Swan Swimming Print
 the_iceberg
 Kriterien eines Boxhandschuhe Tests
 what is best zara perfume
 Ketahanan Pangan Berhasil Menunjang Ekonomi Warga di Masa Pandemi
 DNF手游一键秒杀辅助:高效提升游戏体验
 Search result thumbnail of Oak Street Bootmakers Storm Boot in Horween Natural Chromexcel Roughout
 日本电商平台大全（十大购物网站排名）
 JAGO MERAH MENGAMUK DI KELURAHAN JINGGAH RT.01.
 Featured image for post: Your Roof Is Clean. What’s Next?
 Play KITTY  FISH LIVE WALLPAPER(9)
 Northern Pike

* [Exercise details]:
Would you please copy the lines above, from the one holding "the_iceberg" through the last, and nothing else?

* [Response for this exercise]:
 the_iceberg
 Kriterien eines Boxhandschuhe Tests
 what is best zara perfume
 Ketahanan Pangan Berhasil Menunjang Ekonomi Warga di Masa Pandemi
 DNF手游一键秒杀辅助:高效提升游戏体验
 Search result thumbnail of Oak Street Bootmakers Storm Boot in Horween Natural Chromexcel Roughout
 日本电商平台大全（十大购物网站排名）
 JAGO MERAH MENGAMUK DI KELURAHAN JINGGAH RT.01.
 Featured image for post: Your Roof Is Clean. What’s Next?
 Play KITTY  FISH LIVE WALLPAPER(9)
 Northern Pike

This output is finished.